Sym-coordinates for orientations

Sym-coordinates for the orientations of the edges with full M-symmetry are no problem, because you can define a reference frame for the orientations which has M-symmetry. The simplest way to describe this is that every quarter turn changes the orientation of an involved edge.

For the corners there is no sym-coordinate with full M-symmetry for the orientations alone. The best you can do to use a coordinate which combines the orientation of the corners with the positions of four corners, which build tetraeder (e.g. urf,urb, dlf and drb, disregarding the order of these corners (70 possibilities), so your sym-coordinate would have about 2187*70/48 different states.

Right after I posted that com

Right after I posted that comment, I went for a run with the yellow Labrador, and during that run I figured out that the edge orientation, flipping with each quarter turn, would indeed preserve M-symmetry. Thanks for the confirmation!

On the corner orientation, how did you figure that to be the best you could do? Is there a lengthy explanation somewhere? I've been working through some candidate coordinates and have not been able to come up with a better one. Do you have a concise description of what the coordinate is, exactly? I.e., what moves generate what twists?

No, I have no really bulletpr

No, I have no really bulletproof argumentation, that this is the best.

Coordinates correspond to right cosets of a certain subgroup H of the cube group G. The usual corner orientation coordinate is defined by the subgroup H, which keeps all corner orientation =0. If the coordinate should be able to be transformed to a sym-coordinate, this only is possible, if the subgroup H is invariant under conjugation with all elements of symmetry group. If this symmetry group is M, then for all x in M we must have x^-1 H x=H.

This is not valid with the corner orientations defined in the usual way, where H =[U,U2,U',D,D2,D',R2,F2,L2,B2].

But with the "extended" corner coodinate which also takes into account the position of the four "tetraeder corners", the corresponding subgroup H is defined by all elements of G, where the orientations stay 0 *and* all corners stay in their tetraeder. This subgroup has 4!*4! = 576 elements (ignoring the edges), and the number of cosets is 8!*3^7/576, which is the 70*2187. And H is invariant under conjugation by all 48 symetries.

But I have no strict proof, that there is no possibility to define the orientations in different way so that there is a smaller number of cosets which respect M-symmetry.

I have never done the 96-fold

I have never done the 96-fold compression.

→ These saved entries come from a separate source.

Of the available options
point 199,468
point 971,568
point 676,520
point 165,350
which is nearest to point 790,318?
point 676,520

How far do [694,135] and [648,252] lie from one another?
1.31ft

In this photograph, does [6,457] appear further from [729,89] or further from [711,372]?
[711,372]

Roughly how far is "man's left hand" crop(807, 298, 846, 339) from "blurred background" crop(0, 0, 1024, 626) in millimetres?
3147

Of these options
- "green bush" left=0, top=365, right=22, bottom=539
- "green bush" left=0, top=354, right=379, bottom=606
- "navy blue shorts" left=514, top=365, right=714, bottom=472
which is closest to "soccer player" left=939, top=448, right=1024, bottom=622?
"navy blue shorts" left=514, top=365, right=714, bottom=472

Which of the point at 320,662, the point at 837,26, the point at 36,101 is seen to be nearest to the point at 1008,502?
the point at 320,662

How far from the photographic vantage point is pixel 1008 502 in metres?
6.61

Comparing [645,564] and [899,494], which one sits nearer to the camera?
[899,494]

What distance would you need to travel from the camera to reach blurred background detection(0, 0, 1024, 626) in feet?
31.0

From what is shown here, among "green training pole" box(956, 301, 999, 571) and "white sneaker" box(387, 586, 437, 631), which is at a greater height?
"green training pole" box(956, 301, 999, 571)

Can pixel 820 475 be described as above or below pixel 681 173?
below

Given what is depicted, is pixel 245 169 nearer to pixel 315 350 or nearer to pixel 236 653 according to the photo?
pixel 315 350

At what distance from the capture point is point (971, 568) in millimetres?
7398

I have long planned to do so, but never got around to it. It's a feature I plan to add to the C++ class library I'm building for Rubik's cube.

Right now, I don't have as much time as I would like to spend on the class library project. But more importantly, I want to include the capability of ignoring some number of cubies. My model for doing so is fine when not taking symmetry into account, but I'm having conceptual difficulties (e.g., mathematical and group theory difficulties) when I try to ignore some number of cubies and take symmetry into account at the same time. I haven't wanted to proceed with my class library project until I solve this problem to my satisfaction.

If I could get this all worked out, I would like to take a crack at ignoring seven corner cubies. That would mean including all the edge cubies plus one corner cubie, which would be a *very* big problem to tackle. Maybe somebody else can solve it instead.